• _The problem_:
Of the entries below, return only those lines from the line with "Mont-Clair H2O Stainless" to the line with "PSD package box 3d icon illustration", exactly, both included.

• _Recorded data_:

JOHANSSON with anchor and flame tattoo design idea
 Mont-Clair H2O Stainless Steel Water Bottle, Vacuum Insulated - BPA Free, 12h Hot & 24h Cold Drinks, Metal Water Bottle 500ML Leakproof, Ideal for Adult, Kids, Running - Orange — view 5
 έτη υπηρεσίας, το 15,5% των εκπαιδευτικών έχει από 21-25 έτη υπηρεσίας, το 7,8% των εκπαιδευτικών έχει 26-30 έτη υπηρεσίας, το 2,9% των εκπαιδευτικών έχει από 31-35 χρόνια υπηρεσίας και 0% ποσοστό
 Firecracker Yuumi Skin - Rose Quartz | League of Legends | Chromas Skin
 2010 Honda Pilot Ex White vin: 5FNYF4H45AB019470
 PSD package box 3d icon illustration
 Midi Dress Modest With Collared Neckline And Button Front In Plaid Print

• _Expected output_:
 Mont-Clair H2O Stainless Steel Water Bottle, Vacuum Insulated - BPA Free, 12h Hot & 24h Cold Drinks, Metal Water Bottle 500ML Leakproof, Ideal for Adult, Kids, Running - Orange — view 5
 έτη υπηρεσίας, το 15,5% των εκπαιδευτικών έχει από 21-25 έτη υπηρεσίας, το 7,8% των εκπαιδευτικών έχει 26-30 έτη υπηρεσίας, το 2,9% των εκπαιδευτικών έχει από 31-35 χρόνια υπηρεσίας και 0% ποσοστό
 Firecracker Yuumi Skin - Rose Quartz | League of Legends | Chromas Skin
 2010 Honda Pilot Ex White vin: 5FNYF4H45AB019470
 PSD package box 3d icon illustration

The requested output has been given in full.